Televised debate a key test for Liberals
By David Ljunggren
OTTAWA (Reuters) - A prime-time televised debate on Tuesday could make or break the election campaign for the Liberals, which need a strong showing from leader Michael Ignatieff to have a chance in what is now a lopsided race.
The two-hour English-language debate -- which in the last election was watched by around 40 percent of Canadians -- is a chance for the former academic to shake off Conservative attack ads portraying him as elitist and out of touch.
Ignatieff's party badly trails the Conservatives, who have been in power since early 2006 and are seeking a third consecutive victory in the May 2 election.
"Michael Ignatieff probably needs a knockout in this to really, really change things ... at the very least I think he has got to surprise the electorate," said Allan Gregg of polling firm Harris Decima.

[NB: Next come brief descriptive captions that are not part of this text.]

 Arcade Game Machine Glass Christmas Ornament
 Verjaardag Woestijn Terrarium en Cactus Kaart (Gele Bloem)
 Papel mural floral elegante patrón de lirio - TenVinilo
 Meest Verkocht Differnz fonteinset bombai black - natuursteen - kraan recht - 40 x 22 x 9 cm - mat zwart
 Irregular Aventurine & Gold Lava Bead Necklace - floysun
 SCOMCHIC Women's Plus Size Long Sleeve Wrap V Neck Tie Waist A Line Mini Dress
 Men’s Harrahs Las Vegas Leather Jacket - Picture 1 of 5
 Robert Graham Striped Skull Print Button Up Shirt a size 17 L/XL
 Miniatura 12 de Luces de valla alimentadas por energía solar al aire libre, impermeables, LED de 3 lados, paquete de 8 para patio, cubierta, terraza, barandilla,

The debate between Ignatieff, Prime Minister Stephen Harper and the leaders of two smaller opposition parties starts at 7 p.m. on Tuesday and is particularly important, since English is Canada's most widely spoken language.
A debate in French -- Canada's other official language -- will start at the same time on Wednesday.
Ignatieff said he has drawn inspiration from South African golfer Charl Schwartzel, who emerged from the pack to win the Masters championship in Augusta, Georgia, on Sunday.
"This great young South African guy just had nerves of steel and so we're going to need nerves of steel Tuesday night," he told reporters on Monday. Continued...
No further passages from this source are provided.